I’m a GHP alum here. I’ve also helped conduct interviews for students at both the district and state levels. GHP is one of the best things that GA does for its gifted and talented students. It provided me with an opportunity to be around other students who shared the same passion I had in my subject area. The GHP experience also helped me to look at others who thought quite differently than I did and help me determine why I believed some of what I believed. And … (especially for FME) I’m a conservative by nature. One thing that GHP taught me was to refrain from pre-judging people just because they had a different point of view than me. Agreeably disagreeing became a favorite pasttime. The kids I teach almost unanimously come back from GHP absolutely beaming about their experience. I’m relieved that the state restored funding.

Anonymous

May 3rd, 2010
9:01 am

GHP comes to VSU’s campus each year, doing thousands of dollars worth of damage to dorms and academic buildings. GHP Administrators are given grand master keys to the entire campus and have access to doors that they have no business enterting. The GHP students are incredibly loud and obnoxious, especially in the library. GHP’s impact on VSU is a NEGATIVE one. The program’s success comes at the expense of the VSU students. There is NO ACCOUNTABILITY for GHP students nor for GHP Administrators. This program has no benefit to VSU and is an economic drain on the state.

Jeff W

May 4th, 2010
4:39 pm

I have 2 older children who attended the Duke TIPS program in the past. This past summer, my youngest made it to GHP. The thing that struck me was, while obviously the Duke kids’ parents could afford to send their bright kids to an academic program, at GHP it was obvious that many/most of the parents could not have afforded an honors camp for their children. So, these are very bright kids who, without GHP, would never have the opportunity to be in such an environment of other bright children, and high expectations, and be given a glimpse of what they can attain if they give themselves the opportunity.
I have no more children who will attend GHP, but as a Georgia tax-payer, I am glad to support this program. Probably the best use of my taxes ever by the dim-wits who run our state.

Jeff W

May 4th, 2010
4:42 pm

Annonymous,
Obvously, you did not meet the GHP qualifications. Sounds like the GHP “hoodlums” are giving you a chance to prepare for your career as a janitor though ;)

Anonymous

May 6th, 2010
10:34 am

Jeff W,

I was in “gifted” programs all throughout k-12 and was actually chosen to attend GHP (after my parents made me apply!) and turned it down (as do many others) so I could work as a summer counselor for children with disabilities. I now hold a Master’s degree and have a very successful career.
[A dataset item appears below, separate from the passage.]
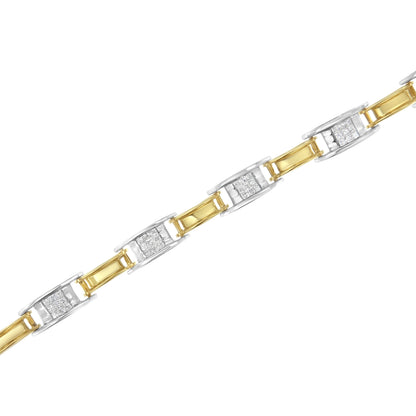 Pulsera de 7" de oro de 14K de dos tonos con eslabones y diamantes de corte princesa de 1,00 Cttw (color H-I, claridad SI1-SI2)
I haven’t seen any “hoodlums” in the GHP program but I DO have an issue with how they mistreat the facilities at VSU and, how they misbehave when on campus. The GHP program has abused their privileges and, has worn out their welcome. Like the time they caused over $82,000 worth of damage (fire) to one of the theaters on campus. This happened less than 3 years ago and was caused by a prank. Take a walk in the dorms and you’ll find “GHP” carved in the walls, on bulletin boards etc… They do MUCH more damage to the dorms than regular VSU students. My son, who stays on campus, can attest to that. GHP has failed to reimburse VSU for these damages because they don’t have the money. So VSU has to ask for more taxpayer money to fix the damage!

One can still argue that the program has merit… fine. But they need to bid out their conference just like other programs have to and utilize other campuses (no other campuses really want them though) but they won’t because they wouldn’t be able to get the same deal anywhere else. VSU makes NO MONEY off of the program and I am told the spend more repairing damages each year. So the taxpayers get hit AGAIN.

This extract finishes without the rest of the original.